Later School Start Times Mean Better-Rested Kids
Jim Liebelt Jim Liebelt's Blog
- 2021 Apr 15
*The following is excerpted from an online article posted on HealthDay.
Starting the school day a little later helps middle and high school students get more and better sleep, according to a new study.
The research is based on annual surveys of about 28,000 elementary, middle and high school students and their parents. The surveys were completed before and two years after school start times were changed.
Changes to sleep cycles during puberty make it harder for teens to fall asleep. With early school start times, many don't get enough rest.
In the study, middle schools pushed their start times back by 40 to 60 minutes; and high schools began the day 70 minutes later. Meanwhile, elementary schools started an hour earlier.

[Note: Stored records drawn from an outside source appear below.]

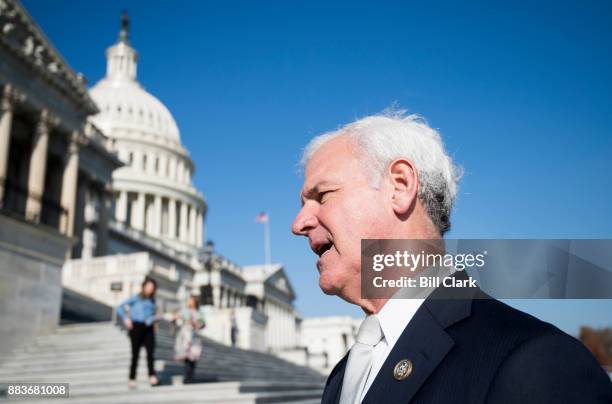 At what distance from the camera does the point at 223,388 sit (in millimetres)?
10391

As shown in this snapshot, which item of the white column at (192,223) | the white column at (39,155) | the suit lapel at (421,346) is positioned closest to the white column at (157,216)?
the white column at (192,223)

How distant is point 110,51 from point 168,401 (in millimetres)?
109056

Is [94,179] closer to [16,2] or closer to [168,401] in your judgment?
[16,2]

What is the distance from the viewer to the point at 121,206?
273 feet

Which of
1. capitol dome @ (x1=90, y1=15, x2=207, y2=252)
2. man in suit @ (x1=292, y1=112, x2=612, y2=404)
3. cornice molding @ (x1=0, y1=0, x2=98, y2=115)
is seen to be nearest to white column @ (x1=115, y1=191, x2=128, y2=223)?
capitol dome @ (x1=90, y1=15, x2=207, y2=252)

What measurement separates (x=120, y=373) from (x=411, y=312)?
12102 mm

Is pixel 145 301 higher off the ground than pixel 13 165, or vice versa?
pixel 13 165

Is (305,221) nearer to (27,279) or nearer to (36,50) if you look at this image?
(27,279)

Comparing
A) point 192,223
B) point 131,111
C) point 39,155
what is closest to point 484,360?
point 39,155

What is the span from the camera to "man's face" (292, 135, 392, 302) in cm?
187

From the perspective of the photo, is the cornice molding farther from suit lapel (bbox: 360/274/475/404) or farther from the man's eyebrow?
suit lapel (bbox: 360/274/475/404)

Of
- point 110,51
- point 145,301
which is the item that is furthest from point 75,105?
point 110,51

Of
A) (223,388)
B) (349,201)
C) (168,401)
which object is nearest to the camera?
(349,201)

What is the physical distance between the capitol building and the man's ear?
48.4 ft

The surveys revealed that the high school students benefited most from starting school later. They were able to get an extra 3.8 hours of sleep a week. More than 10% said they were sleeping better and 20% reported less daytime sleepiness.
Because they were getting more sleep on weeknights, high school students didn't feel as great a need to play catch-up on weekends, the study found. Their additional weekend sleep fell from an average of just over 2 hours to 1.2.
Meanwhile, middle school students reported getting an extra 2.4 hours of sleep a week with a later school start time. They also had a 12% drop in reported daytime sleepiness.
Later start times had no effect on elementary school students, according to findings published in the journal Sleep. The study was led by Lisa Meltzer, a pediatric psychologist at National Jewish Health in Denver.